After a decade of creating Academy Award-winning clay-mation shorts, including other Wallace & Gromit adventures, Park knows how to get maximum comedy mileage out of Gromit’s furrowed brow or Wallace’s endless cravings for obscure cheeses. (In fact, as we learn from the DVD’s copious extra features, Wallace’s touting of Wensleydale inadvertently saved the dairy from financial failure.)

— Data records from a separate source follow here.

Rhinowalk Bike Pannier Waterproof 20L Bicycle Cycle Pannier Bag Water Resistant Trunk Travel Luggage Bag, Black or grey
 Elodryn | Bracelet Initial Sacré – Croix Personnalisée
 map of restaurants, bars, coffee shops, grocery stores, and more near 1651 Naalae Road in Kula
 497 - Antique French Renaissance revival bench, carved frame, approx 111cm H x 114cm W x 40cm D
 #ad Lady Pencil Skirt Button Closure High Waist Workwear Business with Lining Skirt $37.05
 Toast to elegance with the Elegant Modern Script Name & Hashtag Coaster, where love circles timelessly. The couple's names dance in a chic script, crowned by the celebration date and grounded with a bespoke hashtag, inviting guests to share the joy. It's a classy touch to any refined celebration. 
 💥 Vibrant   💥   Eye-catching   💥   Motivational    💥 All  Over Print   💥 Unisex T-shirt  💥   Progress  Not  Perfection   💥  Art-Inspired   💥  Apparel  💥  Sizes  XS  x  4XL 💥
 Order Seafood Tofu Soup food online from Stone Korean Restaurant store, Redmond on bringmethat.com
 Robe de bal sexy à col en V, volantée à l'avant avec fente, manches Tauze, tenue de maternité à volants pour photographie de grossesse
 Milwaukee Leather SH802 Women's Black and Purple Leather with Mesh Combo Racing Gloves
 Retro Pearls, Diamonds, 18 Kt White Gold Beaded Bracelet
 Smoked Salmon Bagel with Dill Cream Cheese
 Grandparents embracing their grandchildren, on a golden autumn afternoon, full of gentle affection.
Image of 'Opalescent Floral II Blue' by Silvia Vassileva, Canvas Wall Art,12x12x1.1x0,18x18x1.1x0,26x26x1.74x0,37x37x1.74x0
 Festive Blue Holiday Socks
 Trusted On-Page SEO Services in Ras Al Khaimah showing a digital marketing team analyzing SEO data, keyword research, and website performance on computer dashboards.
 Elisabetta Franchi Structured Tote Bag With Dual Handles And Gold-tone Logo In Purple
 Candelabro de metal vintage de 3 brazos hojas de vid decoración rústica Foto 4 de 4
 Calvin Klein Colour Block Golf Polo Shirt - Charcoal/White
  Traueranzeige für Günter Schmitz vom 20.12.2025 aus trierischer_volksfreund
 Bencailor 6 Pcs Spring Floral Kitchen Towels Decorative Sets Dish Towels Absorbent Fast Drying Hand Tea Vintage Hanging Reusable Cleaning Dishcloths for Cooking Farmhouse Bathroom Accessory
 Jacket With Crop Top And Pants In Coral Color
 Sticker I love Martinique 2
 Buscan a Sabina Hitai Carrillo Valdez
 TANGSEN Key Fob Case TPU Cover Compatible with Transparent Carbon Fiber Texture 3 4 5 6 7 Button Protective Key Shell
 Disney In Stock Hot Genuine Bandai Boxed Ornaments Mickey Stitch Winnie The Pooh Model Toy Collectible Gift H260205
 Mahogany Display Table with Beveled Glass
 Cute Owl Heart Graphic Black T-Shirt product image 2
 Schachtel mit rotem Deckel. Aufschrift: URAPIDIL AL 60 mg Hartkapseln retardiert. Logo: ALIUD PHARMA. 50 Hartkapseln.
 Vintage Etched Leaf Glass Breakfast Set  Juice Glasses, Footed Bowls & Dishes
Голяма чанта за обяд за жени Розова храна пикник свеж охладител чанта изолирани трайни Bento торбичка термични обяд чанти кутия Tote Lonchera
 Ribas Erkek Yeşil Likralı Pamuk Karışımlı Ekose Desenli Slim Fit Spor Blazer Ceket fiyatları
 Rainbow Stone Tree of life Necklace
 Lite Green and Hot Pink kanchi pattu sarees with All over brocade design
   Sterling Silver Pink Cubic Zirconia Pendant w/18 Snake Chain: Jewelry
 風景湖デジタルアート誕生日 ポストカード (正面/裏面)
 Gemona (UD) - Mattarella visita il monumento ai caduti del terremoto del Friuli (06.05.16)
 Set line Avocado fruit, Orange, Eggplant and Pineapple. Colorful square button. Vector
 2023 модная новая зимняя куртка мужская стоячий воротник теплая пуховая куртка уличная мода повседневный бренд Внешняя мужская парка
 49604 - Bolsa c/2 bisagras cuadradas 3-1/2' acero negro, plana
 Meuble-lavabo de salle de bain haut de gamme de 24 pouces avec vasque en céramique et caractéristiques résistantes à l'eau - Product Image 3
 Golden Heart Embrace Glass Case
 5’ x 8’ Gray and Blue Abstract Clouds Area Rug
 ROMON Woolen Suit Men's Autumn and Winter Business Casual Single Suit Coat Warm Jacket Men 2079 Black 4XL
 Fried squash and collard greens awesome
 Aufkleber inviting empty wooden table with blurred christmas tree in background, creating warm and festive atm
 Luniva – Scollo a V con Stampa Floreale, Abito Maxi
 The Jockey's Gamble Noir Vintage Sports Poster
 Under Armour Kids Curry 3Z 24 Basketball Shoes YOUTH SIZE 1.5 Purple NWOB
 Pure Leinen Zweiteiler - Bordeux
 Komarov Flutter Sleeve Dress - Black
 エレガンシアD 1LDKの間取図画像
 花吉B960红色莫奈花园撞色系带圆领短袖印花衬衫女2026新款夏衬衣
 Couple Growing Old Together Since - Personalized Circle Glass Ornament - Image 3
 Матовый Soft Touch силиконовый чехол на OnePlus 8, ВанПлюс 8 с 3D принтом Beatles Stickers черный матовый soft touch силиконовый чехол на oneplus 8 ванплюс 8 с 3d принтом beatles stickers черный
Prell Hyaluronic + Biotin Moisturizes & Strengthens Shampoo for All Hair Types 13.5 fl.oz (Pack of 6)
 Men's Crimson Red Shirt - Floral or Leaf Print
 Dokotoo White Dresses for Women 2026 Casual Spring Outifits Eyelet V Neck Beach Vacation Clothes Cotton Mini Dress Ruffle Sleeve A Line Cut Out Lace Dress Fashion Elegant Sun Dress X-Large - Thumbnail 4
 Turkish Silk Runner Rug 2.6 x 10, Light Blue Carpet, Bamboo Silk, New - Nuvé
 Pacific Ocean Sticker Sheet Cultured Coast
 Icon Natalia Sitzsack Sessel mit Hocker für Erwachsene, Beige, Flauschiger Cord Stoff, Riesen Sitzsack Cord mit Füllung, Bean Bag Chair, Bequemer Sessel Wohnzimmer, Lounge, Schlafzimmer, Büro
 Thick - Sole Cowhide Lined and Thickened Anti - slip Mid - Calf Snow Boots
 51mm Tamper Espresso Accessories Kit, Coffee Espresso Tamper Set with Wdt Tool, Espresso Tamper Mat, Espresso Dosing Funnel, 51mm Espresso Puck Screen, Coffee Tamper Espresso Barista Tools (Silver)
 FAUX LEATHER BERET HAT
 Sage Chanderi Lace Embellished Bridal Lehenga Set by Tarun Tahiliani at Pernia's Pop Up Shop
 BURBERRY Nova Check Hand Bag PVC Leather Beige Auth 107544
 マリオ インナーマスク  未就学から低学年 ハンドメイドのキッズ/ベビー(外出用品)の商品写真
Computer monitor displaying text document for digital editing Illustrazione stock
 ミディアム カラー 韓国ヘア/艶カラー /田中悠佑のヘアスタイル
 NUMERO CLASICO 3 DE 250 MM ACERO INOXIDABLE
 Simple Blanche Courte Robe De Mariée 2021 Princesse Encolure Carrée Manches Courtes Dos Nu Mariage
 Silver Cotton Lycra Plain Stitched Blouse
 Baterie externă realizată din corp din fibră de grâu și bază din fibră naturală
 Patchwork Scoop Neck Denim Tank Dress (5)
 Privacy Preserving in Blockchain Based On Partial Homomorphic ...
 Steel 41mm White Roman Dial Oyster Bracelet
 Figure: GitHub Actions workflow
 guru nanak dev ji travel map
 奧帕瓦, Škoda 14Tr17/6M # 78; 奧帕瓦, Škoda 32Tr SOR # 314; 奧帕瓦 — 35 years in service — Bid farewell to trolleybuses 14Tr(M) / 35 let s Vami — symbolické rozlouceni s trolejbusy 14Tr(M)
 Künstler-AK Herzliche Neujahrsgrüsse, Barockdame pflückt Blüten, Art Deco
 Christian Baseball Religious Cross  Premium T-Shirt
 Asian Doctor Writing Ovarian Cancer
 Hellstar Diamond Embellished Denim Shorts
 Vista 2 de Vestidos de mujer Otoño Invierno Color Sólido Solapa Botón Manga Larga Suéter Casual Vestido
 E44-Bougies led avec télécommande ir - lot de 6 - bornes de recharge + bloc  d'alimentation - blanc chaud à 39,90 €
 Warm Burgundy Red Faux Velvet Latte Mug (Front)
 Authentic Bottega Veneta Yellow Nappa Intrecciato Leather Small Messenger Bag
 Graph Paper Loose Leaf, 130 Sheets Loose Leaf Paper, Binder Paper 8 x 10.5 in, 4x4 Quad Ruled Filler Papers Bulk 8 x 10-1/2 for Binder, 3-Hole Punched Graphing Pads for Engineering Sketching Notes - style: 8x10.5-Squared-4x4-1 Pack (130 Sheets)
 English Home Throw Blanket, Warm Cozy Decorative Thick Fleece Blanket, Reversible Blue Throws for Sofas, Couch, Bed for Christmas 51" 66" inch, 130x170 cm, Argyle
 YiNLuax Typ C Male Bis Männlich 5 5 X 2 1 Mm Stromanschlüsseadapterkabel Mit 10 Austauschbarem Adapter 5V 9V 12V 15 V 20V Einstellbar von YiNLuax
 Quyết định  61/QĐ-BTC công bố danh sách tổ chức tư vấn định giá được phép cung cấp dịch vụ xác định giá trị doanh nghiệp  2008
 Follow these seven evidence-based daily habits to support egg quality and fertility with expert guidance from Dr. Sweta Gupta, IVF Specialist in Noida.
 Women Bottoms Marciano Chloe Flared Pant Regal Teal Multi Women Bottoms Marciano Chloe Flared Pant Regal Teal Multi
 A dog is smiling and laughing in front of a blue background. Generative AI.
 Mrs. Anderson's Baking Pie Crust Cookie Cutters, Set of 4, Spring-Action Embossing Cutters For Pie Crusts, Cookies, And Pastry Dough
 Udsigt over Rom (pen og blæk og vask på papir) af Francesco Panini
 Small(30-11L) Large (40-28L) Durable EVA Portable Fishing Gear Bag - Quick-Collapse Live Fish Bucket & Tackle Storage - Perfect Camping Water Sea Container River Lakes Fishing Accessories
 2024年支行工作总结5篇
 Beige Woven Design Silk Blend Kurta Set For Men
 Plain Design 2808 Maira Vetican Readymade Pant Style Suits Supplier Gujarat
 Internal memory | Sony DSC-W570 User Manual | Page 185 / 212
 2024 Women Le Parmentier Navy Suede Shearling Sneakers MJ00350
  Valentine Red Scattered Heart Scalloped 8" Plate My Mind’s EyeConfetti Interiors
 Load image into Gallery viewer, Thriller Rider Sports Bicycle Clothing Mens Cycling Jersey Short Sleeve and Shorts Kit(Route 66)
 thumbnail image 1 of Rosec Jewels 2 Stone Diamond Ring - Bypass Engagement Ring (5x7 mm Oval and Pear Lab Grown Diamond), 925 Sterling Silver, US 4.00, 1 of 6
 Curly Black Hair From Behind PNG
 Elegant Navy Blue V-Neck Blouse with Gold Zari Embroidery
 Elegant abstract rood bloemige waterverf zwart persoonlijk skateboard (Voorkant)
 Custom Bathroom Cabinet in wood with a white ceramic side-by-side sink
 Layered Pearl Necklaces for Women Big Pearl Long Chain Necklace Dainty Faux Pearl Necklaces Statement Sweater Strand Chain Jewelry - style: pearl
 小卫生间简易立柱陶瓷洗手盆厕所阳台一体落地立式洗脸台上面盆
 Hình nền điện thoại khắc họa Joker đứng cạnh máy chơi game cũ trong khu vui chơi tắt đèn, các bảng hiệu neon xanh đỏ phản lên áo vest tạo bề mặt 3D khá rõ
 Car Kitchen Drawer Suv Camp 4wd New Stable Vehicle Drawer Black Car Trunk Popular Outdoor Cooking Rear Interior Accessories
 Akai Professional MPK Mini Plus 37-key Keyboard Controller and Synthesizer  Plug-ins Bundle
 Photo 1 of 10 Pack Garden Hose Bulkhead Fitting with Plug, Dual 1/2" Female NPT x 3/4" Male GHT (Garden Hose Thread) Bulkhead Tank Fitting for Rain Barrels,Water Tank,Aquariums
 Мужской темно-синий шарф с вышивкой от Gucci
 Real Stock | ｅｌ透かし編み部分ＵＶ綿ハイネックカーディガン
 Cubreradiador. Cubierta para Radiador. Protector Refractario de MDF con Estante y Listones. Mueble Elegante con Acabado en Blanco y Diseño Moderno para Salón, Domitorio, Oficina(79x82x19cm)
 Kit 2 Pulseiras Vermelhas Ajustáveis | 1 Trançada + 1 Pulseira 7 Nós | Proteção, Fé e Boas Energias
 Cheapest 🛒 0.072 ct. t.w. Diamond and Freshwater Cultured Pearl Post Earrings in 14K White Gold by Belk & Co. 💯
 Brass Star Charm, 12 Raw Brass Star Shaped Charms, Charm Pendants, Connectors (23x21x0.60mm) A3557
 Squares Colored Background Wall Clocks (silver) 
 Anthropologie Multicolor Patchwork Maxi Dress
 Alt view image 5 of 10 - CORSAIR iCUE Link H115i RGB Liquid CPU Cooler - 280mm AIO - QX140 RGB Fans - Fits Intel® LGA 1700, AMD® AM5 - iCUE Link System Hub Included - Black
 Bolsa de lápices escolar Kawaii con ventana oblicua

In addition to cheese-related trivia, the DVD includes interactive games, short films, three alternate endings, deleted scenes (painful to watch, considering that 10 seconds of film represents a week of animation work on the cutting-room floor), CD-ROM activities, a tour of Aardman Animations, a rabbit-building lesson and two documentaries tracing Park’s career from film school to his current partnership with DreamWorks. It’s a lot to absorb, and it’s impossible to watch without developing reverence for the dedication demanded by the time-consuming clay-mation process. After learning that The Curse of the Were-Rabbit took five years to produce, with 30 full-time animators finishing an average of three seconds of film per day, the movie’s fluffy creatures seem even more valuable.